Photo courtesy Bastrop Cattle Company
Photo courtesy Bastrop Cattle Company
When we decided to move here from NYC, we made the conscious decision to skip the suburbs. For various reasons, the city wasn’t practical for us, so we decided to take it all the way and live in the country. Yes, it’s a bit different than living in Brooklyn.
One of the advantages, I hoped (besides the garden that never materializes), is that I could have livestock of some type. I originally thought I’d have chickens for eggs and goats for milk, but our neighborhood association forbids poultry, and I heard some not-so-good things about dealing with goats. Not to mention I wasn’t too keen on goat’s milk. One can only make so much cheese, I thought.
And then, a few weeks ago, I found something to research online during those long hours in the hospital and in hospice with my father — Miniature Cattle. They only need a fraction of the space of full-size animals, they eat 1/4 as much, and they give a more manageable amount of milk (1-3 gallons/day). The Dexter breed specifically had a lot of appeal, in part because the cattle are so darned cute, but also because they are a dual-purpose breed, suited both for milking and for meat — should the cow give birth to a male calf.
My dreams of livestock haven’t really gone anywhere since we’ve moved here. We’ve been kept quite busy. Additionally, we ended up purchasing a house and land that hasn’t ever been used for any sort of agriculture. We’ve got a little over 3 acres, but a lot of it is wooded and none of it is fenced. In some ways, that suits us perfectly. But it certainly isn’t compatible with having any animals — without a lot of work. Recently, though, I have had a chance to get a taste for raw grass-fed milk, which I’ve been buying occasionally from Sand Creek Farm. It’s delicious and, supposedly very nutritious, but it’s not cheap, by any stretch. This is partly what got me thinking more seriously about getting a cow of our own.

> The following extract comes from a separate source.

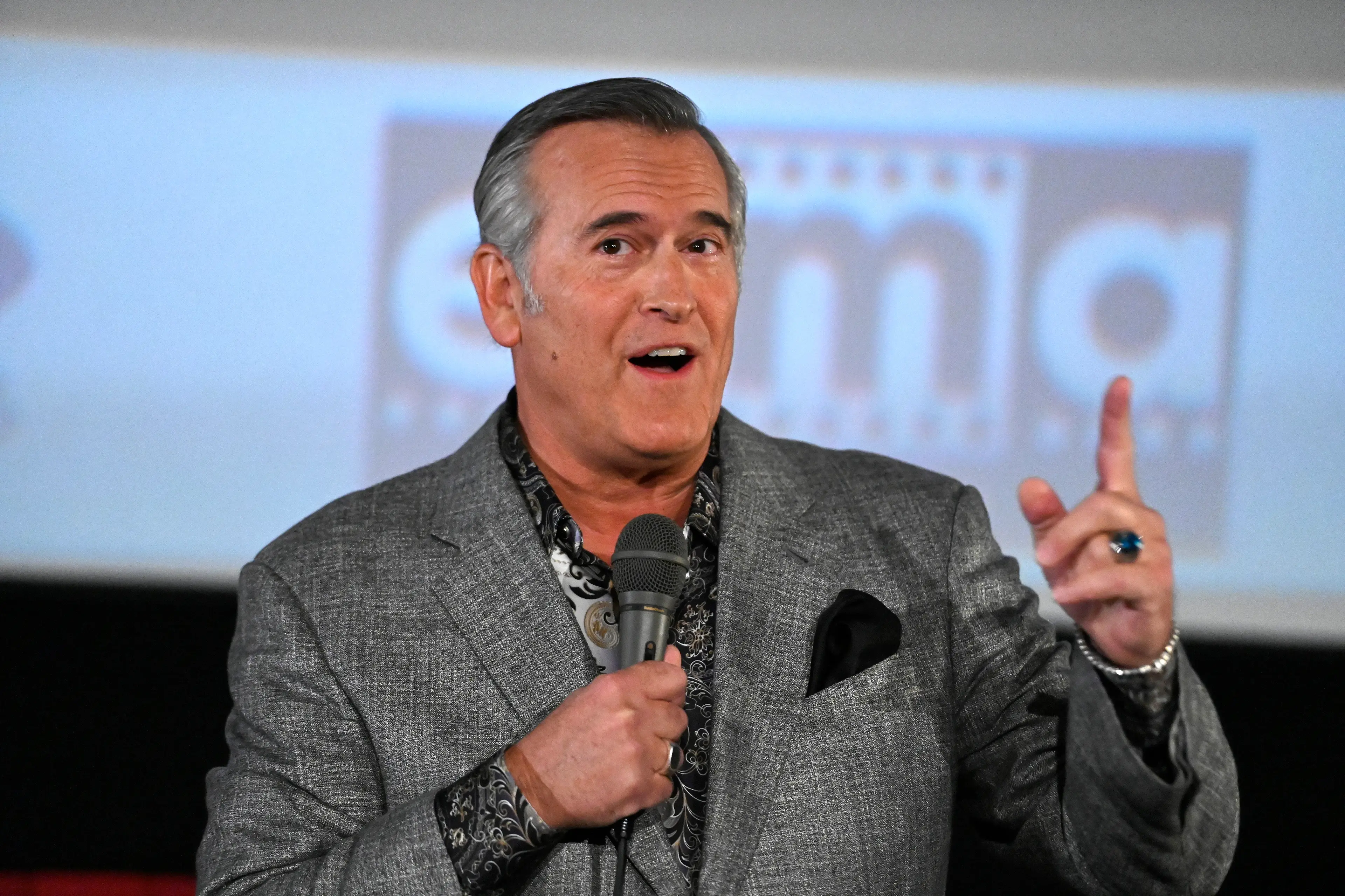 Campbell shared his diagnosis in March (Michael Tullberg/Getty Images)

So, I signed up to dip my toes in the water (or milk) of livestock ownership, by taking a milking class at Star Creek Farm in a town about an hour from us. As I drove there this morning, through the gorgeous Hill Country resplendent with bluebonnets, I imagined what it would take to become a milk cow owner — it’s a seriously daunting commitment. I remember my own experience expressing milk for my kids — and that didn’t involve keeping anyone but myself alive and comfortable. It’s a grueling, never-ending routine. But we drink a lot of milk, and I’ve grown more and more concerned about what we’re getting at the supermarket.
Today, at the milking class, my classmates and I not only got to try my hands at milking a cow (a Dexter, no less), but I also experienced milking a goat or two. Our lovely hostess talked us through all of the other aspects of livestock care, too, including feeding, shelter and medicine (especially that of the preventative sort). The whole thing has suddenly become a lot more concrete, after laying my hands on some udders and strolling my boots through their barn.
Am I still convinced I want to do this? Am I ready to move ahead? No, not really. One thing was quite a surprise. After the class we got to taste some of the milk gathered a few days before. The goat milk, though definitely goat-y, was also much milder and more delicious than I expected. Between that, and the fact that goats are a much cheaper and less-committed way of getting into dairying, I’ve been re-thinking goats as a possibility. But, our reality — our not-very-useful three acres — means nothing’s happening anytime soon. But I can dream, and plan, and slowly start shaping things. At least now I have a lot better idea of what needs to be done.